Что же касается тех соотечественников Садослова, которым его учение также казалось лицемерной лжемудростью, призванной оправдать, обосновать невоздержанность, порочность и бездеятельность ни к чему серьезному не способных людей, то если в начале своей просветительской деятельности он, вполне возможно, пытался им объяснить исходные посылки своих взглядов, принципы своей этики, то впоследствии, в зрелые годы стал отвечать на всякого рода нападки бесцеремонным пренебрежением, также нимало не заботясь о выборе слов. Ему ли, к которому все чаще перебегали слушатели других школ, которого любящие, преданные ученики почитали за существо высшее, ему ли было беспокоиться о защите своего имени, о доброй славе Сада? Что ему было до мнения обывателей, одни из которых распускали пустые сплетни об оргиях в Саду, а другие, напротив, насмехались над скудостью жизни эпикурейцев, непритязательностью их требований: «Съел кусок, выпил глоток, лег на доски — вот вам и весь Эпикур». Но особенное возмущение недоброжелателей вызывало то, что этот ничего, в сущности, не имеющий, не родовитый, не пользующийся поддержкой царей или каких-то других сильных мира того старик действительно возомнил себя Спасителем людей и требует якобы от своих приверженцев чуть ли не божеских почестей. Какая-то доля истины в этих обвинениях, наверное, была, потому что и сообщения античных авторов, и дошедшие до нас фрагменты из трудов самого Эпикура говорят о том, что (при всем демократизме его школы, открытой для всех стремящихся к знанию) в старости сын Неокла не был чужд определенного самовозвеличения и получал несомненное удовольствие от поклонения окружающих. Что же, простим ему эту слабость, вполне понятное желание больного, слабого телом, лишенного сыновней заботы, всю жизнь стремившегося облегчать чужие страдания человека постоянно ощущать себя любимым и нужным. Давший столь много своим ученикам и друзьям, научивший или, по крайней мере, пытавшийся научить их жить достойно и правильно даже тогда, когда жить, казалось бы, вообще невозможно, Эпикур был вправе рассчитывать на какую-то плату — и этой платой была непоколебимая вера окружавших его людей в необыкновенность, некое высшее предназначение сына Неокла.

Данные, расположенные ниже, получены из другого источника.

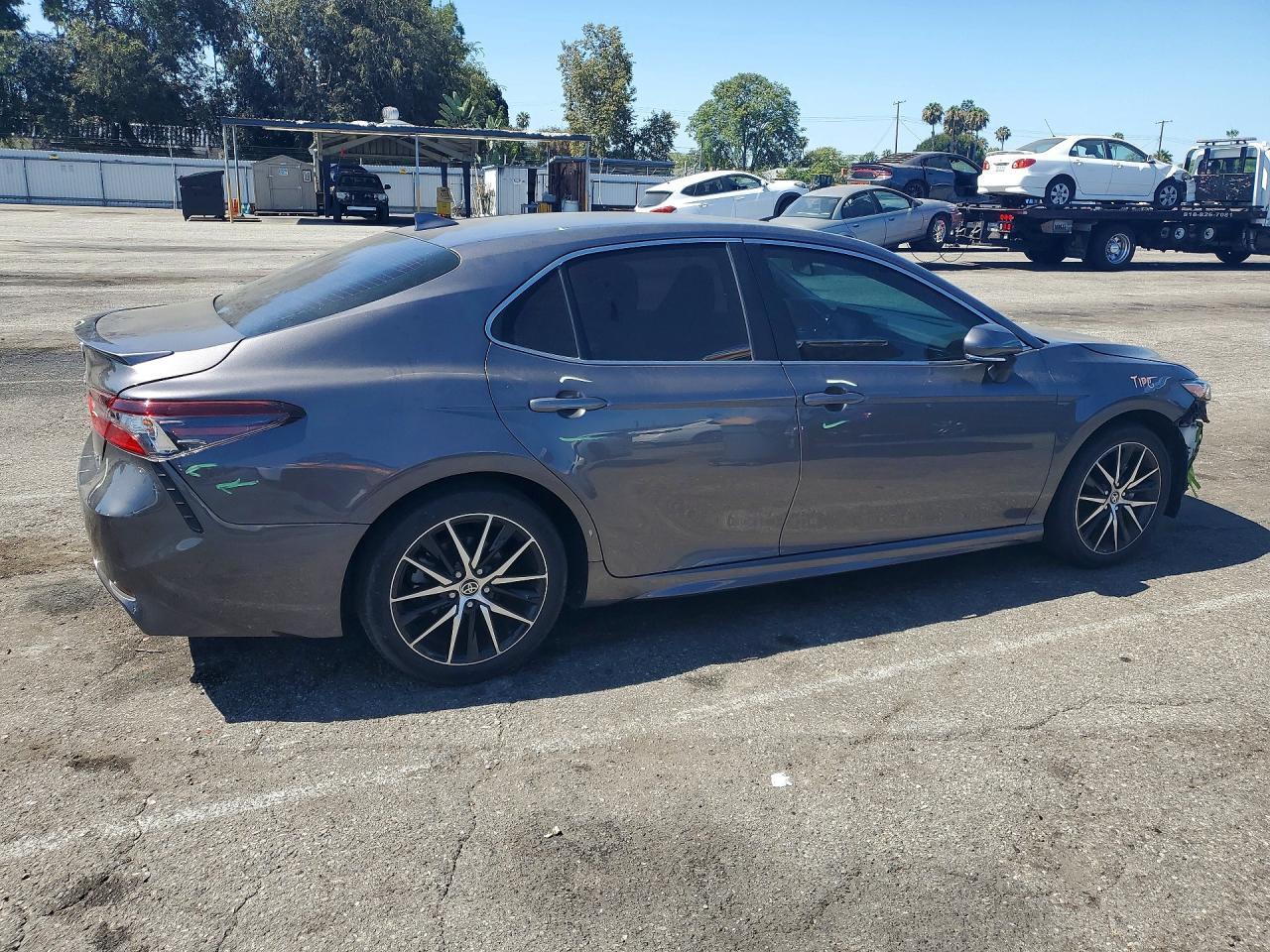 2023 Toyota Camry Se - Фото 3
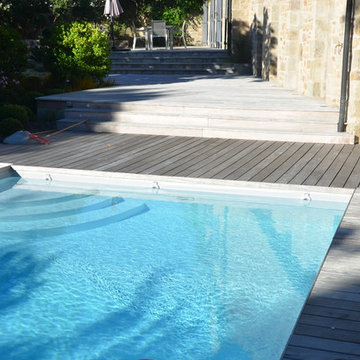 Piscine rectangulaire et terrasse en bois, jardin de bord de mer à Larmor‑Plage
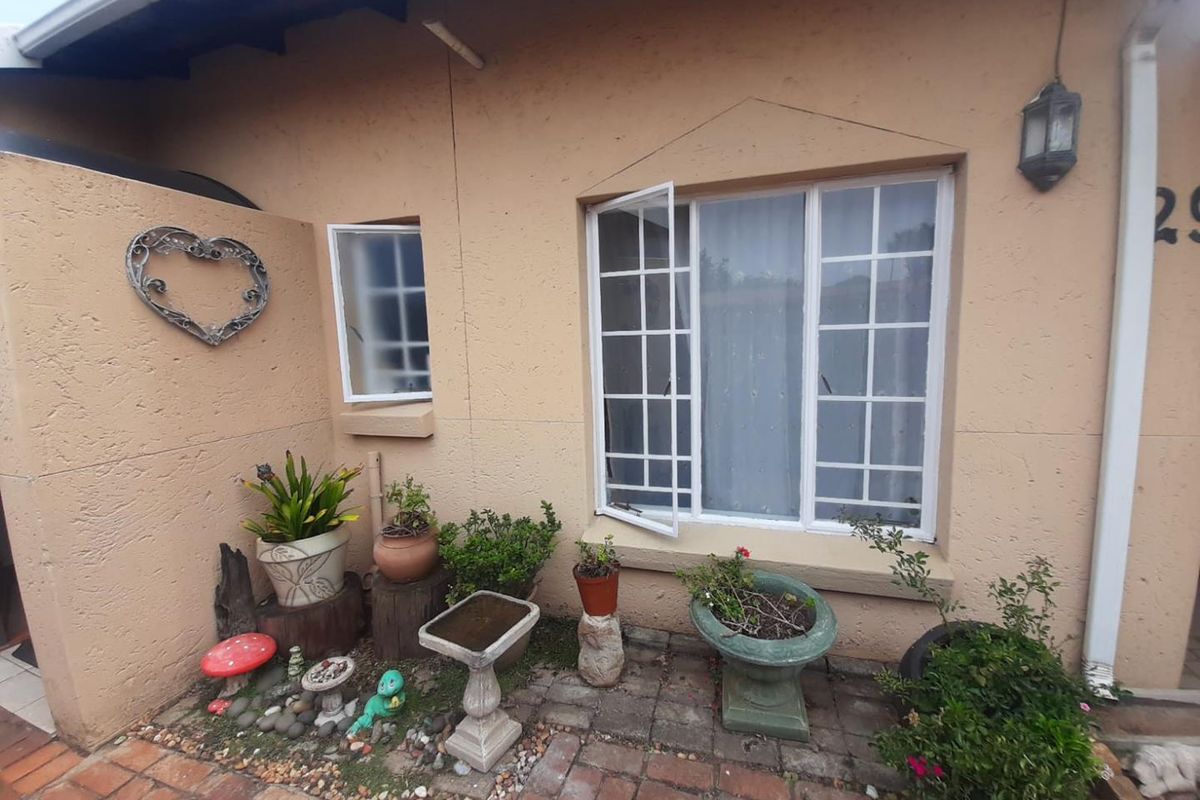 Pet Friendly 2 Bedroom Townhouse for Sale - Photo 2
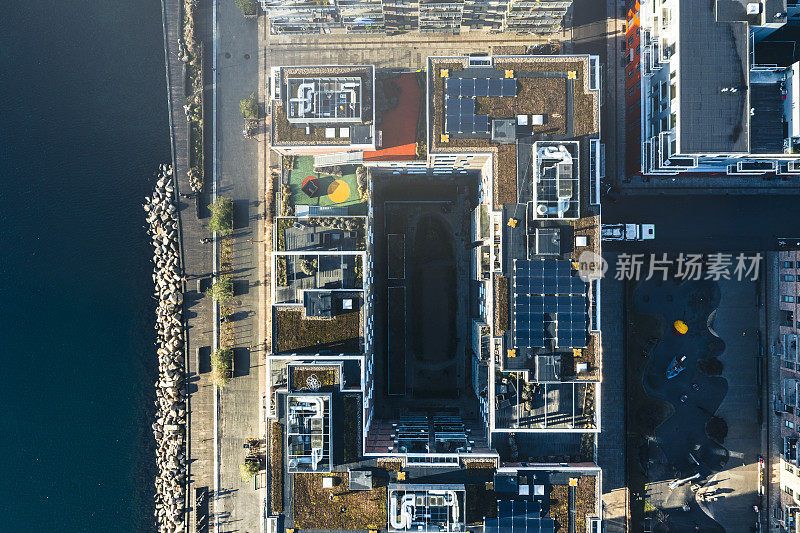 屋顶上安装太阳能电池板的智能城市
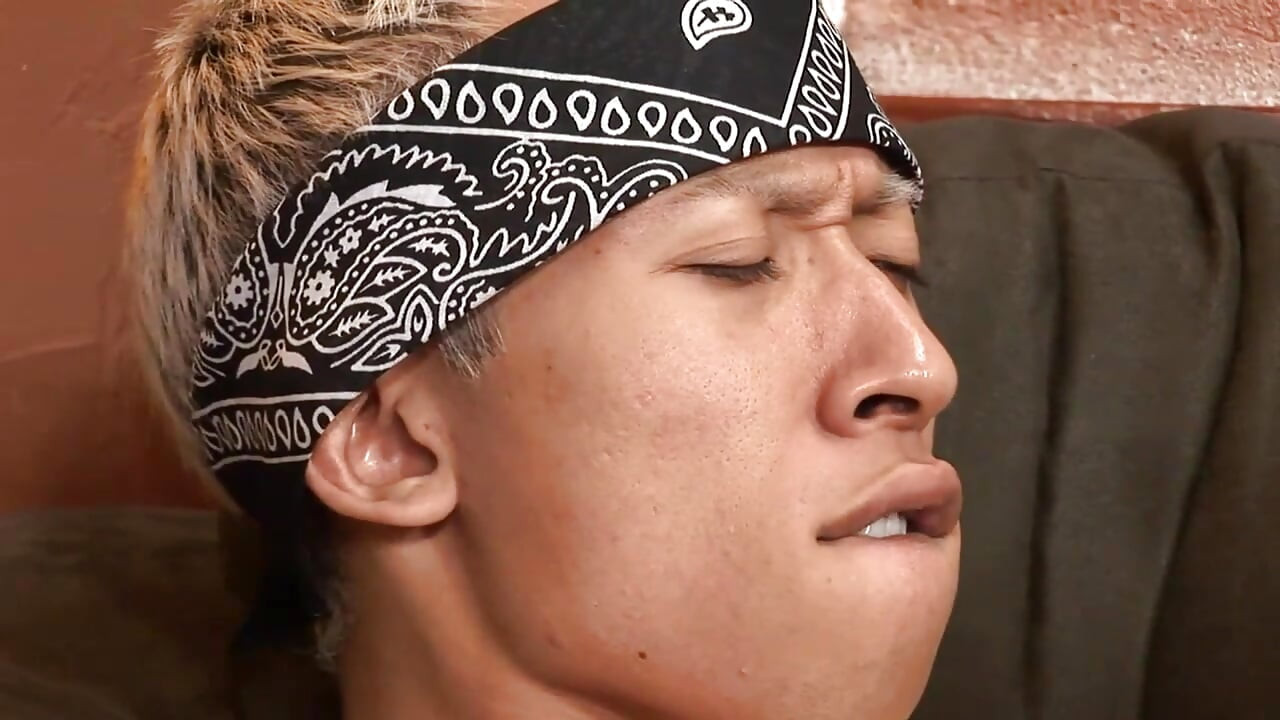 Asian gay has a good homo fuck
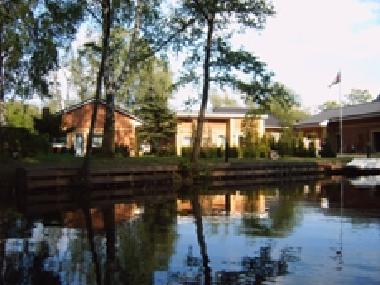 Links neben dem Lietzenhaus befindet sich unser Haus Froschk�nig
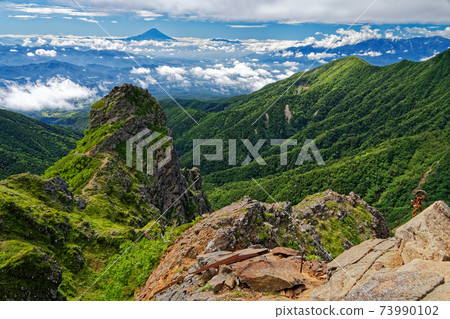 From the climb to the Yatsugatake mountain range and Akadake, the rocky peaks of Daitengu and Mt. Fuji 73990102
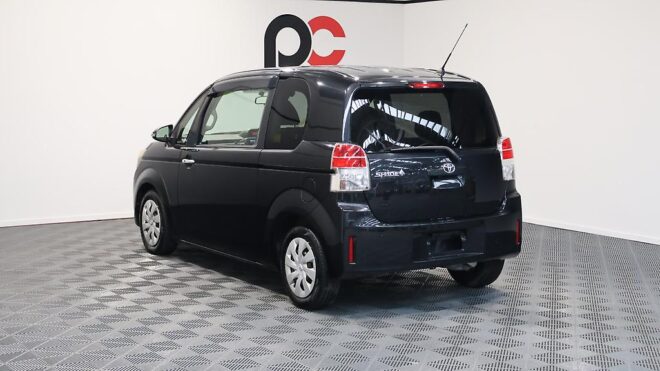 2012 Toyota Spade F Model/ Reverse Camera/ Passenger Electric Slide Door image 310669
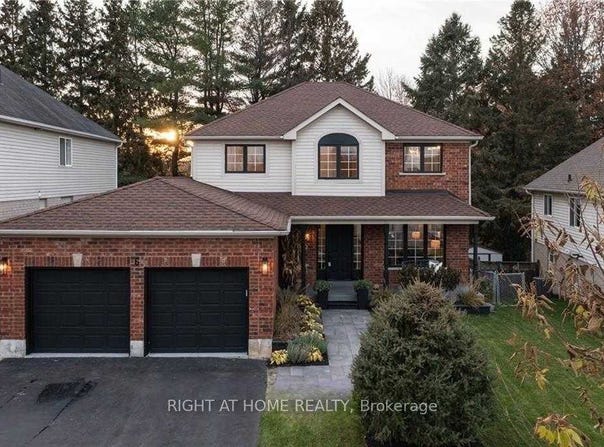 6 COUNTRY Lane, Barrie, Ontario L4N0E6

Да и в самом деле, разве не были в высшей степени необыкновенными людьми эти бессмертные мужи-философы, с их поистине нечеловеческой мощью ума и даром интуиции: Гераклит, угрюмым отшельником угадавший в своих азийских горах основной закон бытия — извечную борьбу противоречий; благородный Анаксагор, по прозвищу Ум, учивший о мельчайших семенах всего сущего; непревзойденный в веках Демокрит, проникавший мысленным взором во всю беспредельность Вселенной, и, наконец, Эпикур, «восходящий разумом к огненным стенам мира»?.. Таких людей во все времена было очень и очень немного, и им самим было дано понимать собственную необыкновенность, свою гениальность, особенно видимую сейчас, спустя многие столетия, когда то и дело подтверждаются данными науки их предвидения и догадки.
И при всем том эта их необыкновенность, хотя она была очевидна и для их современников, никогда не послужила ни одному из великих философов защитой от злобного недоброжелательства. Их могли приглашать к своему двору чужеземные монархи, но часто прямо-таки не выносили живущие рядом, традиционно и прагматически мыслящие обыватели. Те самые положительные люди, занятые прежде всего устройством собственных дел, абсолютно земными проблемами купли и продажи, приобретения и накопления, подчинения новых земель и порабощения себе подобных, которые голосовали в свое время за изгнание Анаксагора, которые предали суду Протагора и умертвили Сократа. Те самые реалистически относящиеся к жизни граждане, которым казался безумцем над всем смеющийся Демокрит и которые теперь все искали какого-то тайного и постыдного смысла в вечерних собраниях в Саду Эпикура. И если и раньше людям незаурядным приходилось порой очень сложно в великолепных Афинах, то теперь многим из них все больше казалось, что живут они не на родине, среди земляков, а в каком-то вражеском стане.